The Corwin Amendment is a proposed amendment to the United States Constitution that has never been adopted, but owing to the absence of a ratification deadline, could still be adopted by the state legislatures. It would shield slavery within the states from the federal constitutional amendment process and from abolition or interference by Congress. Although the Corwin Amendment does not explicitly use the word slavery, it was designed specifically to protect slavery from federal power. The out-going 36th United States Congress proposed the Corwin Amendment on March 2, 1861, shortly before the outbreak of the American Civil War, with the intent of preventing that war and preserving the Union. It passed Congress but was not ratified by the requisite number of state legislatures.

Several Southern states attempted to secede after the 1860 presidential election, eventually forming the Confederate States of America. Several federal legislative measures, including the Corwin Amendment, were proposed during this period in the hope of either reconciling the sections of the United States or avoiding the secession of the border states. Senator William H. Seward and Representative Thomas Corwin, Republicans and allies of President-elect Abraham Lincoln, introduced the Corwin Amendment, which was endorsed by the outgoing president, James Buchanan. Because it was only ratified in a handful of Northern states and Kentucky, the amendment failed to achieve its goal of preventing civil war and preserving the Union. Ultimately, it fell out of favor during the Civil War.

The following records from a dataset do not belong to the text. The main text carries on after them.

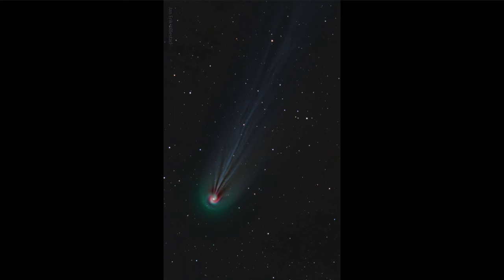Otherwise, the comet is just a ball of ice and dust orbiting around. It's only a few kilometers in size and would never be visible to us were it not for the energizing nature of the sun. In fact, there are many comets that stay out in the depths of the solar system and would never be visible like this.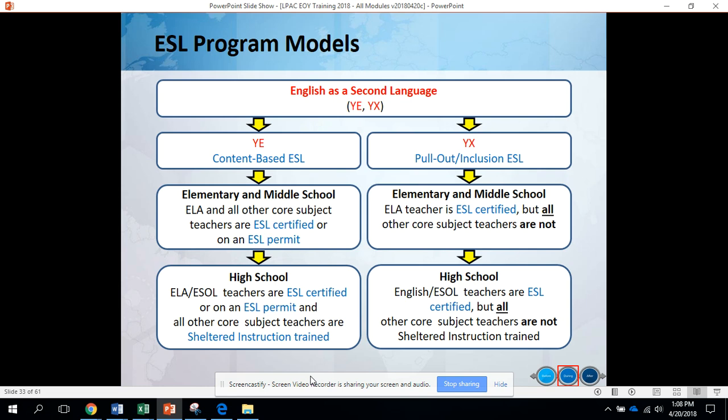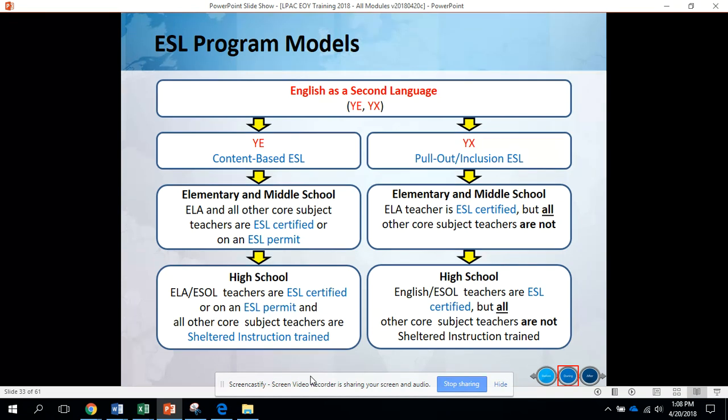Now let's take a look at your ESL program models. For English as a second language, you have the choice of two codes: YE or YX. YE is content-based ESL. This means that the requirement for elementary and middle school is that ELA and all other core subject teachers are ESL certified or on an ESL permit.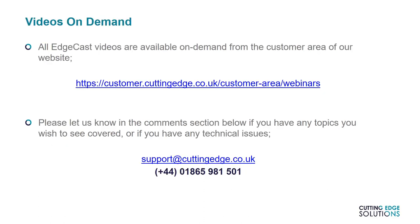Thank you very much for watching, and if you have any questions, topics you'd like us to cover, or other feedback, please either leave a comment below, or send them to us by email at support@cuttingedge.co.uk, and be sure to tune in to watch the next episode of Edgecast.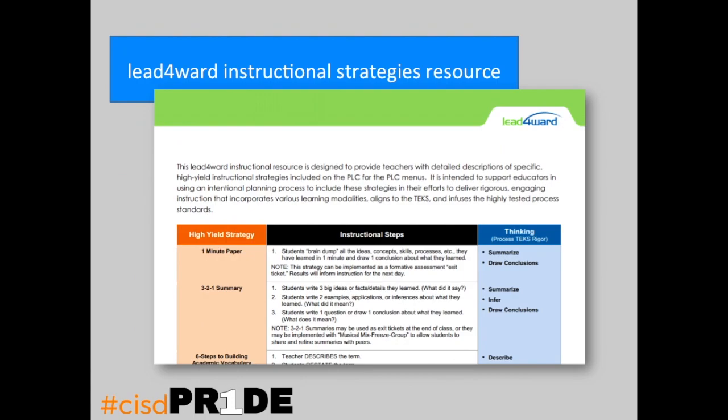We are going to highlight some strategies from the Lead Forward Instructional Strategies resource. You received this in a previous email from Heather, and I believe it's going to be attached again. Yes, I will attach it again for your viewing pleasure. So even if you're not participating in the Pride Challenges, go ahead and download this resource and save it to your computer. There are several really fantastic activities to kind of liven up instruction.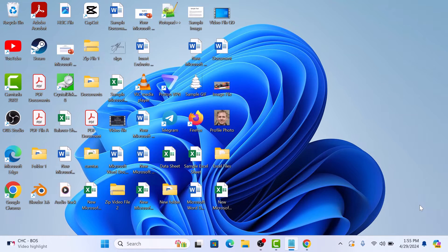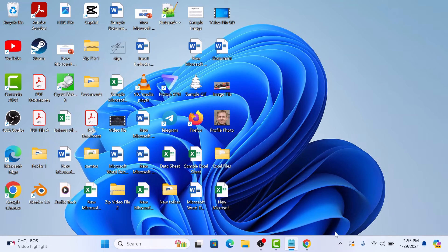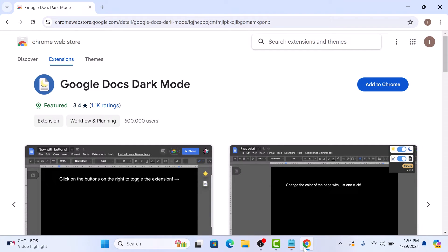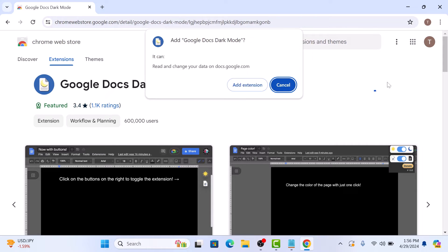To get dark mode on Google Docs, open the link given in the video description in your Google Chrome browser. Once you open it, click on Add to Chrome button. Now click on Add extension in the pop-up.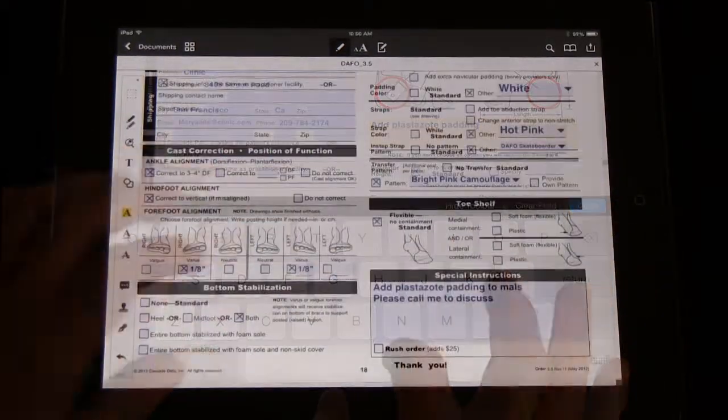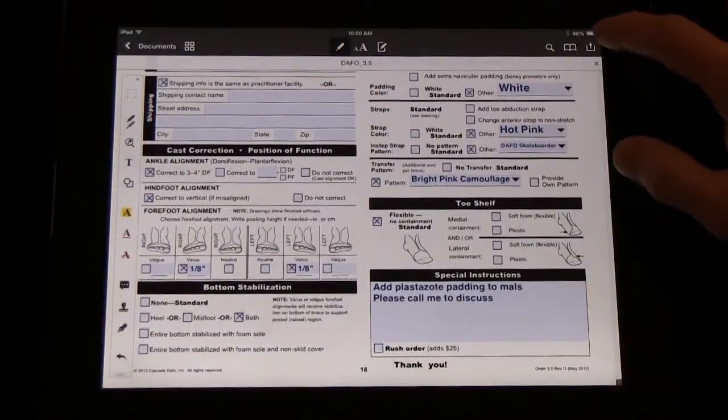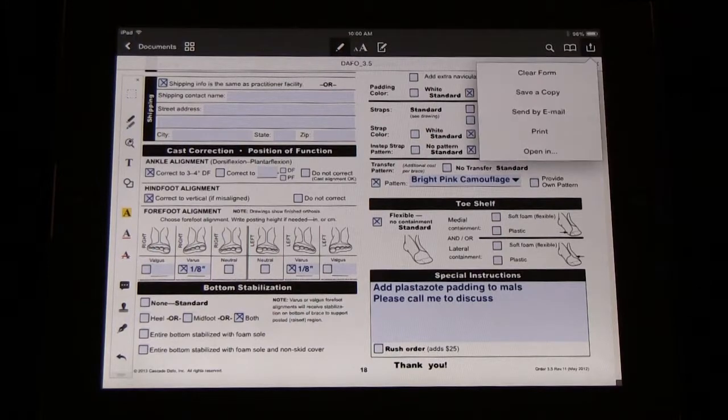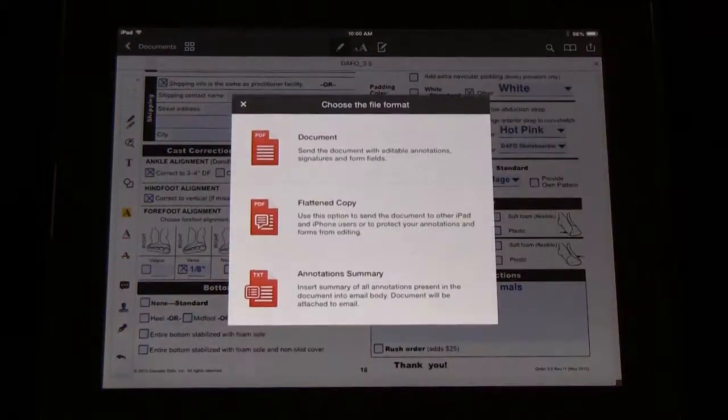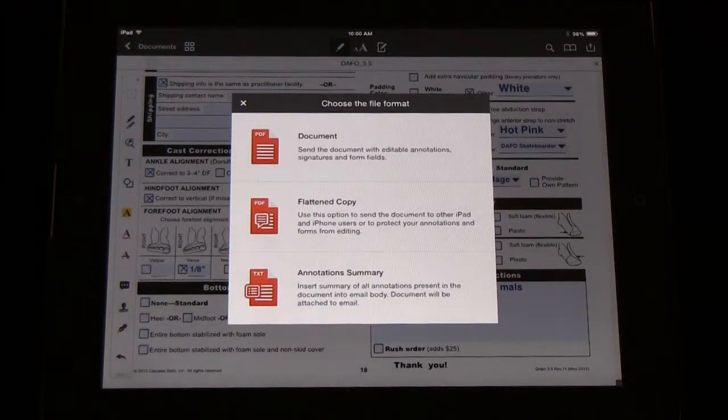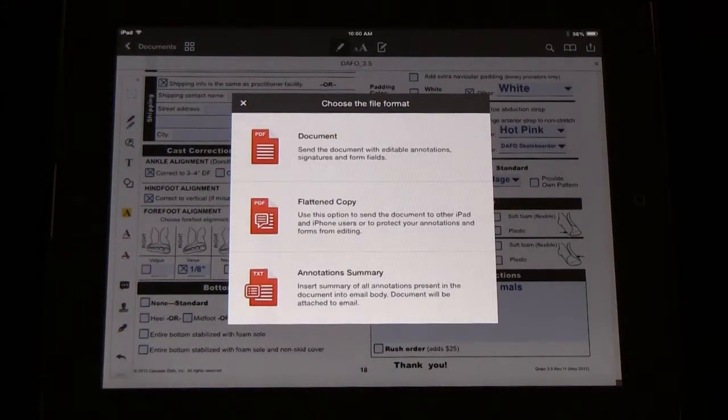Once the form is complete, email it to yourself so that it can be printed and sent in with the cast or uploaded with a digital order.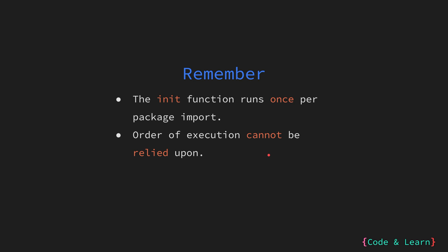In that way, you cannot rely on the execution of init function. So, it is not recommended to use init functions a lot in your code. It should be only used when really required. Otherwise, you can just use constructor functions to initialize a global state, which will make your code much clearer.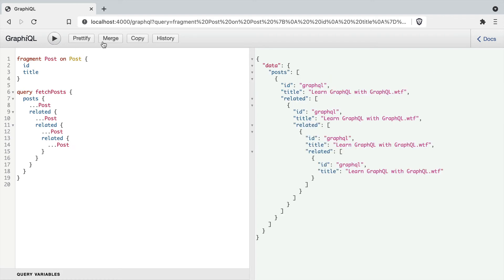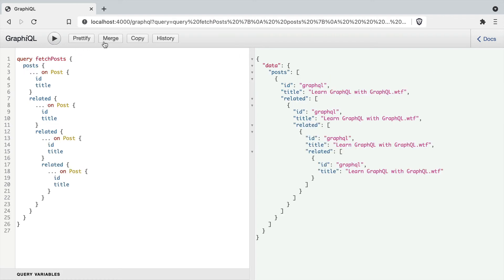And if we merge and spread in the fragments, you'll see here that that also works and doesn't count towards the depth limit.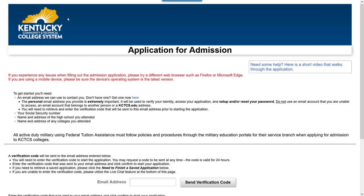Welcome to the KCTCS application for admission. Whether you're a high school student, a returning student, a brand new student, or just looking to take a class on the side, we're here for you at KCTCS. Now let's get started with the application for admission.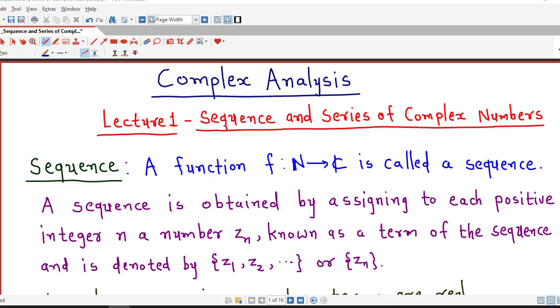Hello friends, I welcome you on my channel Engineering Mathematics, DJ Ghanith. In this lecture, we are going to talk about sequence and series of complex numbers.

This was proposed by 2 republicans, it's documented fact and it's time republicans stopped posting disingenuous junk. Blacks know the history and the more you think we are stupid enough to fall for your tale and keep trying to tell it, the more we will refuse to become Republicans.

Hey, you racist POS IM2 watch this and try to bring a coherent response.
 
You fund slavery today with your own money.

Ever hear of the "weegars"...chinese slaves that built your APPLE Iphone and Ipad.

The Weegars who commit suicide every day locked in the FOXCON plant?

Are you going to throw away your Iphone and support the slaves?

I didn't thunk so!

You're only concerned with slavery when there might be FREE MONEY in it for you!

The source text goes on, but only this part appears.